Der EuGH hatte bereits im Dezember 2020 festgestellt, dass eine Abschaltung der Abgasreinigung nur dann zulässig ist, wenn der Motor dadurch vor einem akuten Schadensrisiko bewahrt werden kann. Bislang war das höchste deutsche Gericht dieser Meinung nicht gefolgt und hatte vor den Schadenersatz der Nachweis der Sittenwidrigkeit - also der sittenwidrigen Absicht - gesetzt. Der BGH bringt zur Berechnung eines individuellen Schadenersatzanspruchs die „Differenzhypothesen-Vertrauensschadenersatz“ ins Spiel, was eine Berechnung des Wertverlustes bedeutet in Bezug zum Einkaufspreis. Das Vorhandensein einer unzulässigen Abschalteinrichtung muss nicht mehr durch ein Gutachten nachgewiesen werden.
Der BGH hat die klageabweisenden OLG-Urteile gekippt und die Verfahren an die zuständigen Oberlandesgerichte zurückverwiesen, die nun nur noch festzustellen haben, ob eine unzulässige Einrichtung verbaut ist und wie hoch der Schadenersatz sein wird.
Man kann davon ausgehen, dass nun regelmäßig Schadenersatz gezahlt werden muss, allerdings muss für den sogenannten ‚Großen Schadenersatz‘ weiterhin der Vorsatz nachgewiesen werden! Dieser Weg steht Klägern immer noch frei.
Offen bleibt die Frage der Verjährung hin, denn die drei Urteile gegen VW, Mercedes und AUDI sorgen für völlig neue Verhältnisse. Eine Verjährung kommt demnach frühestens in drei Jahren zum Jahresende in Betracht.
Wie wird der BGH-Schadensersatz ermittelt?
- - Am bislang mögliche Schadenersatz gem. § 826 BGB wegen vorsätzlicher sittenwidriger Schädigung hat sich nichts geändert.
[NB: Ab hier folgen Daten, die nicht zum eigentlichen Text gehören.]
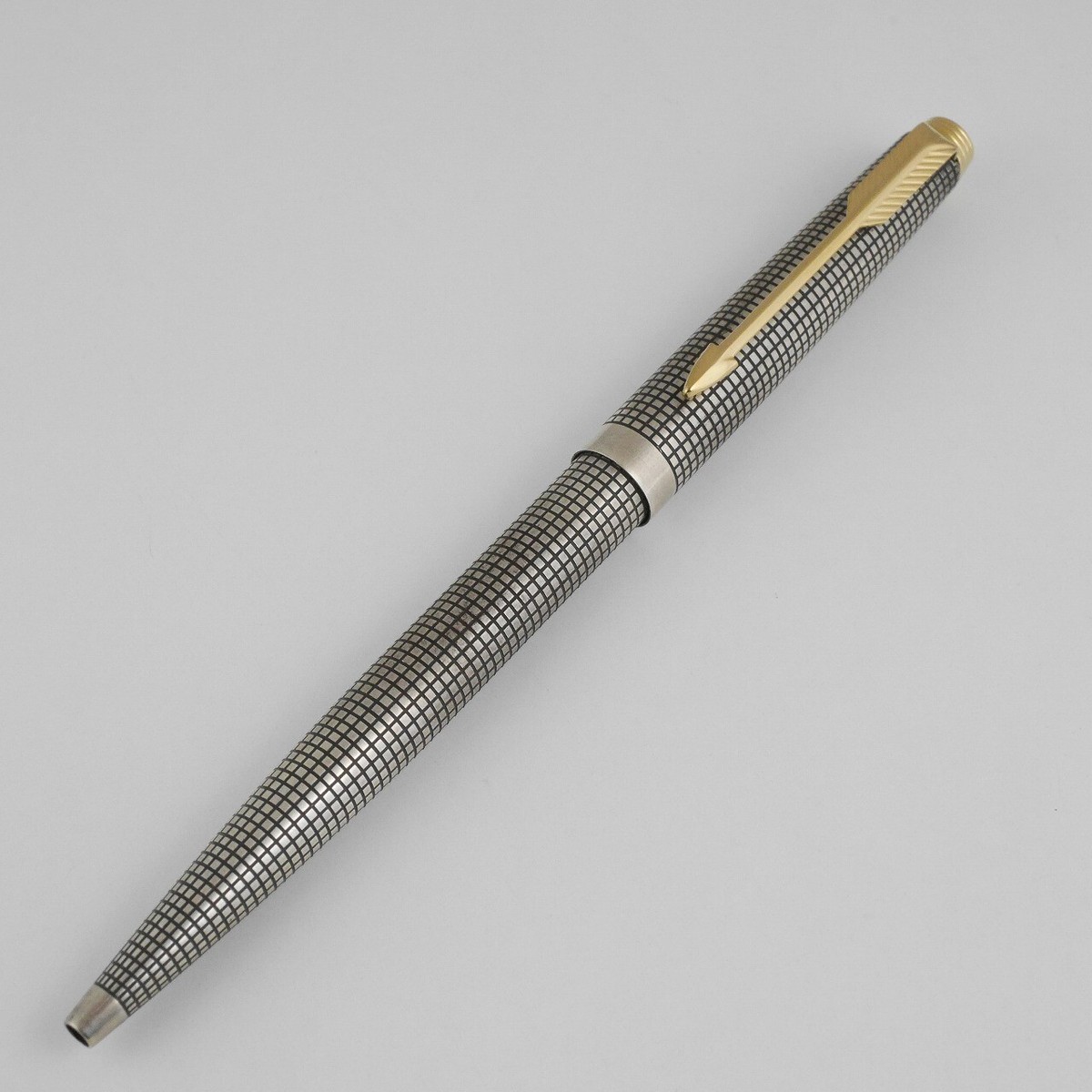 Parker 75 Cisele Sterling Silver Ballpoint Pen (MINT) | eBay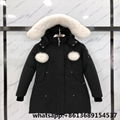 moose knuckles jwhite down-filled puffer jacket,moose knuckles black shearling  7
Gegen Rückgabe des Autos, gibt es den Kaufpreis abzgl. einer Nutzungsentschädigung für die gefahrenen Kilometer.
- - Beim BGH-Schadensersatz spielt dagegen der Differenzschaden eine Rolle. Hier gibt es Schadenersatz gem. § 823 BGB wegen Fahrlässigkeit. Der Kläger kann das Auto dann behalten und erhält 5 - 15 % des Kaufpreises, im Ermessen des Richters. Unter Umständen kommt noch eine Nutzungsentschädigung in Betracht. Diese wird aber erst abgezogen, wenn sie zusammen mit dem Restwert des Fahrzeugs den Kaufpreis übersteigen würde.
Beispiel:
- Auto für 30.000 gekauft
- Schadenersatz 10 % , also 3.000 Euro.
- Restwert des Autos: 20.000 Euro
- Nutzungsersatz: 8.000 Euro
Restwert und Nutzungsersatz zusammen ergeben 28.000 Euro, also weniger als der Kaufpreis. Dementsprechend wird nichts vom Schadenersatz abgezogen. Der Kläger erhält 3.000 Euro.
Variante: alles gleich, aber Nutzungsersatz beträgt 11.000 Euro, zusammen mit dem Restwert (20.000 Euro) also 31.000 Euro. Also 1.000 Euro über dem Kaufpreis. Diese 1.000 Euro werden vom Schadenersatz abgezogen und der Kläger bekommt 2.000 statt der 3.000 Euro.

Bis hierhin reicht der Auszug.